REQUIRED WORK: The line containing "Appraisal: Two toy" marks the start. Restate it and every following line through the end of the records exactly, and nothing else, leaving out the pictures.

PROVIDED RECORDS:

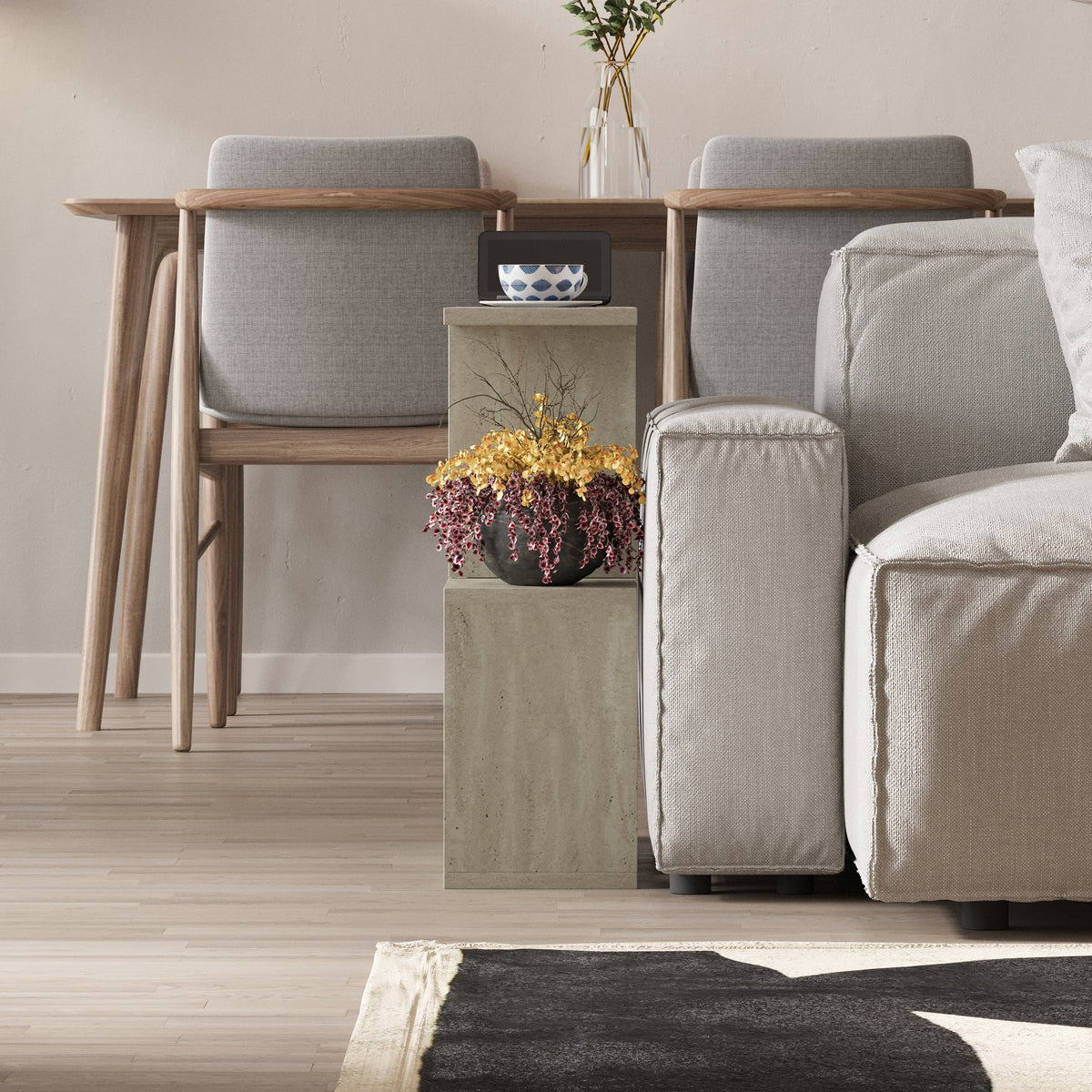 Τραπεζάκι Σαλονιού Roditsa Travertine 60x20x60 εκ. Μελαμίνης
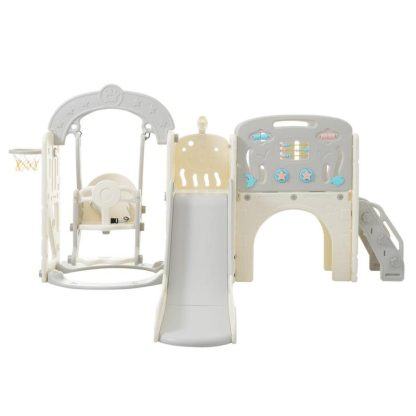 Swing Sets |  Toddler Slide and Swing Set 10 in 1,Kids Slide,Basketball Hoop,Playset Structure,Arch Tunnel,Telescope,Toy Storage Organizer Sports & Fitness Swing Sets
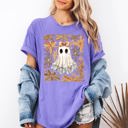 XXXL Violet Purple Beautiful Halloween, Flowers, Coquette Ghost Artwork Collection Comfort Colors Tee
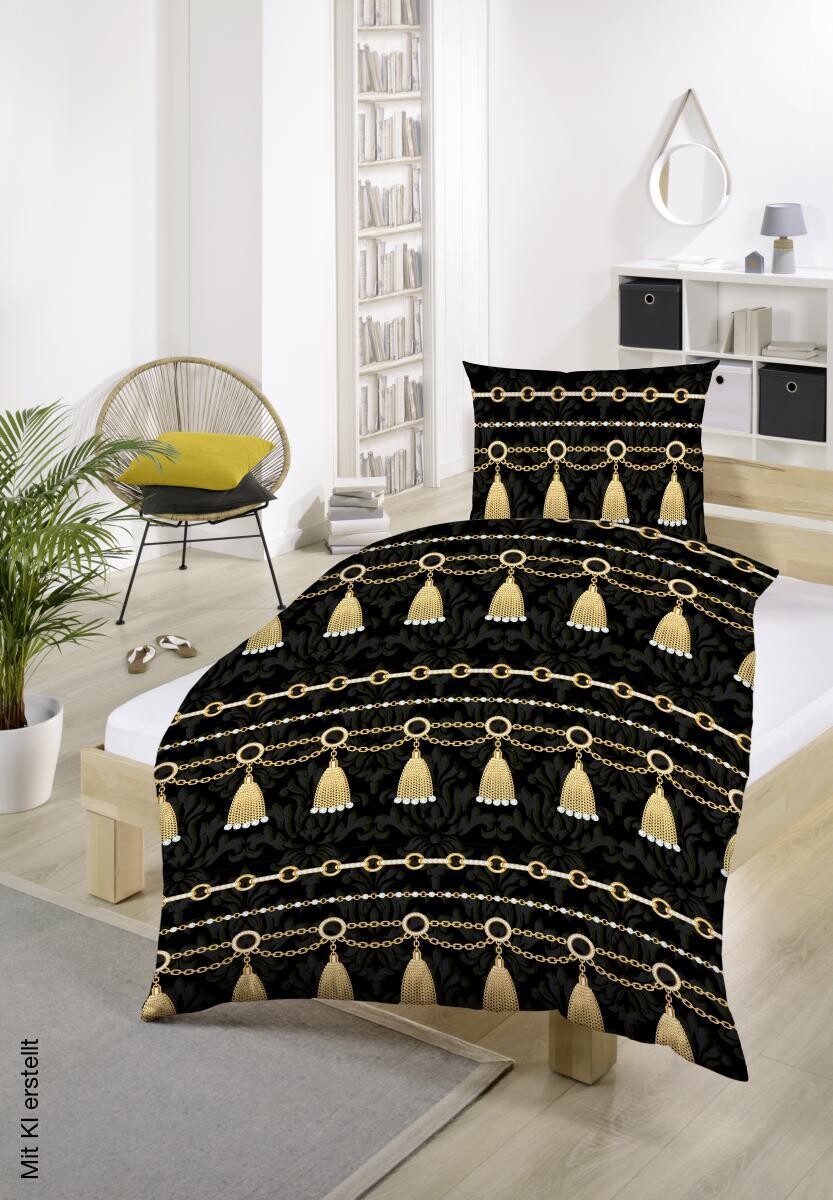 Microfaser Bettwäsche schwarz Polyester B/L: ca. 135x200 cm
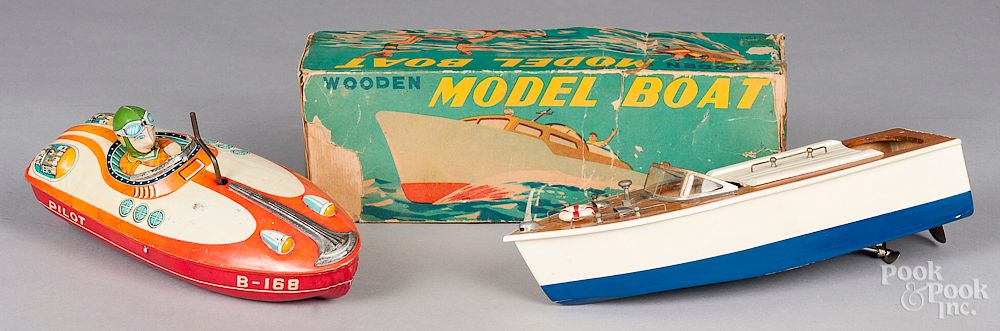 Appraisal: Two toy boats Two toy boats to include a Japanese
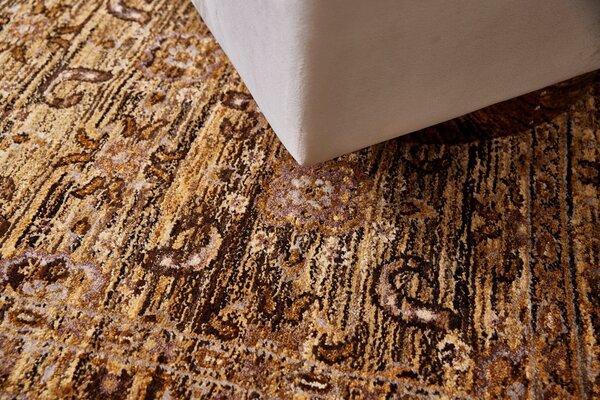 Diamond Carpets India , Ručne viazaný kusový koberec Babylon DESP HK20 Camel Mix, 80x150, hnedá, obývacia izba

REPLY:
 Appraisal: Two toy boats Two toy boats to include a Japanese
 Diamond Carpets India , Ručne viazaný kusový koberec Babylon DESP HK20 Camel Mix, 80x150, hnedá, obývacia izba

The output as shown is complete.